At the end of the quarter, our total debt less cash to EBITDA ratio was 1.2x, which is well within our 4x financial covenant. Subsequent to quarter end, we repaid an additional $10 million against the credit facilities, which now stand at $75 million versus the $85 million at the end of September.
We continue to make progress on management of our accounts receivable portfolio during the quarter. Since Q2, we've reduced our expanding accounts receivable in each of the aging buckets over 61 days and subsequent to the quarter end, have reduced our outstanding receivables in the over 120-day bucket by an additional $2.7 million.
We're also in fairly late-stage negotiations with Export Development Canada to put an insurance arrangement in place for our accounts receivable portfolio. And in addition, obviously, collection of the AR continues to be a top priority.

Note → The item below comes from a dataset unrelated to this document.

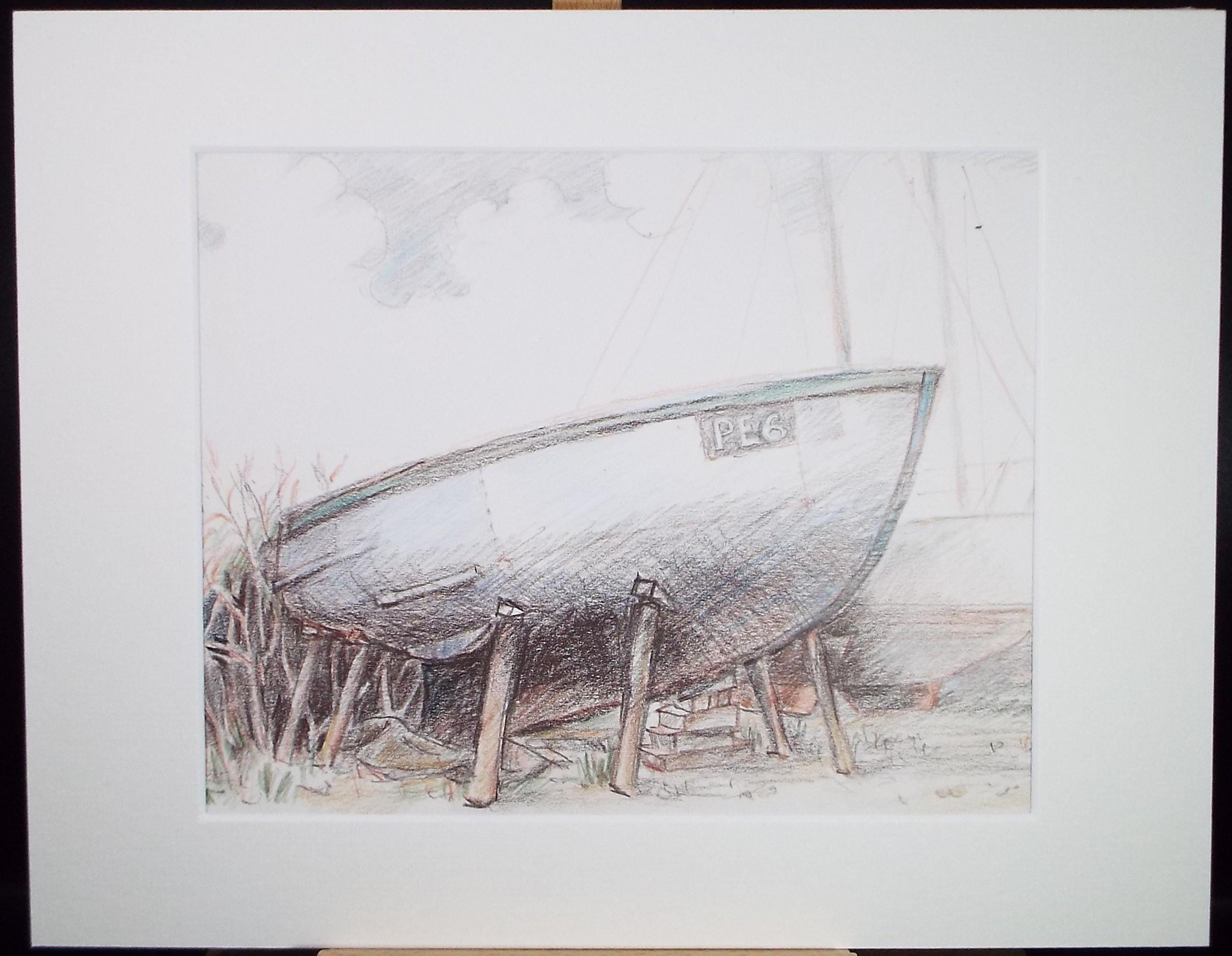 Original pencil drawing, 'Boat in the Yard', Circa 1990's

We've made great progress in our internal credit management processes over the last several quarters. They are in the finance team have really raised the bar on our internal processes.
And this progress has been supported by, obviously, the improved visibility into our operations from the ERP to improve credit granting, billing administration and collections processes. I'm very optimistic on the go forward, we're going to have a much better set of practices and business processes.

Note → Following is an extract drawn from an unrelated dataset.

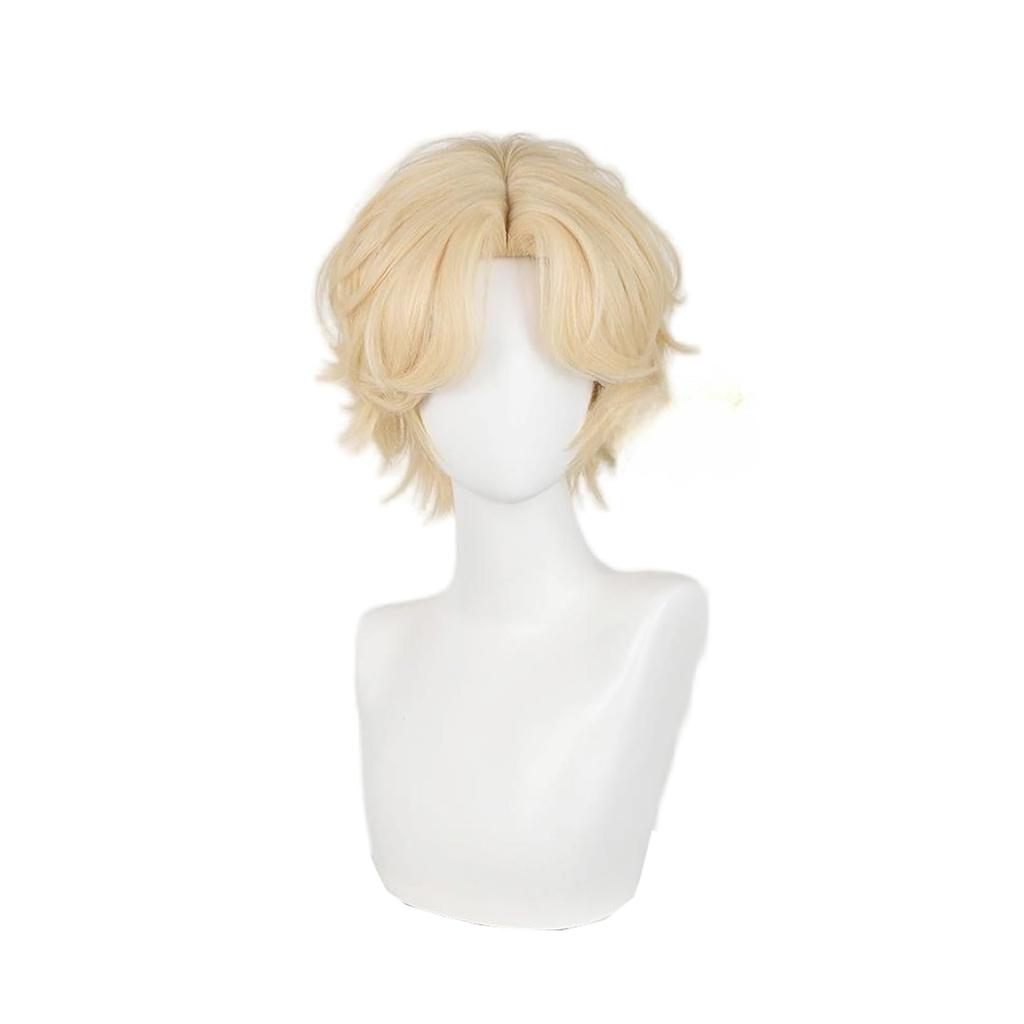 LAOBAO Luka Cosplay Wig, Blonde Bob, Heat Resistant, Costume Wig, Halloween Costume Accessory (Luka A)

And then on the management leadership side, I'm very pleased to let our investors know that Dave Whelan recently joined Badger as our Vice President of Manufacturing. Dave has a great leadership history in the transportation and agricultural equipment manufacturing industries, an excellent experience in manufacturing efficiency, production, cost reductions, supply chain and in business strategy.
All of which will be a tremendous value to Badger and the team as we execute our long-term growth plans. So Dave, welcome.
So some closing comments before we open it up for questions. The news flow from this week says at all.
These continue to be unprecedented times. We anticipate that heightened level of uncertainty will continue until we have a vaccine and the pandemic is brought under control.
The timing of which is still a little up in the air. But at some point, we do expect the economy can return to more of a state of normalcy.
As I mentioned at the outset, we've taken a range of actions to manage through this environment, which we believe are required and prudent, and the team has executed well on them, namely focusing on health and safety, staying close to our customers, continuing to focus on our costs and continuing to focus on maintaining a strong financial position. In addition to the good execution that our teams had on these areas, we're very happy with the increased visibility into our business from the ERP system.
We will continue to focus on leveraging and enhancing our capabilities and the tools that come from this ERP to drive further operational improvements. We are in the early days on leveraging this tool.
As I said a minute ago, we've also continued to grow, opening 19 new locations in spite of the COVID challenges, and we're looking to strengthen our sales and marketing organization. Longer term and despite the uncertainty, and I've said this previously, nothing we've seen since the onset of COVID causes us to change our view of the significant U.S.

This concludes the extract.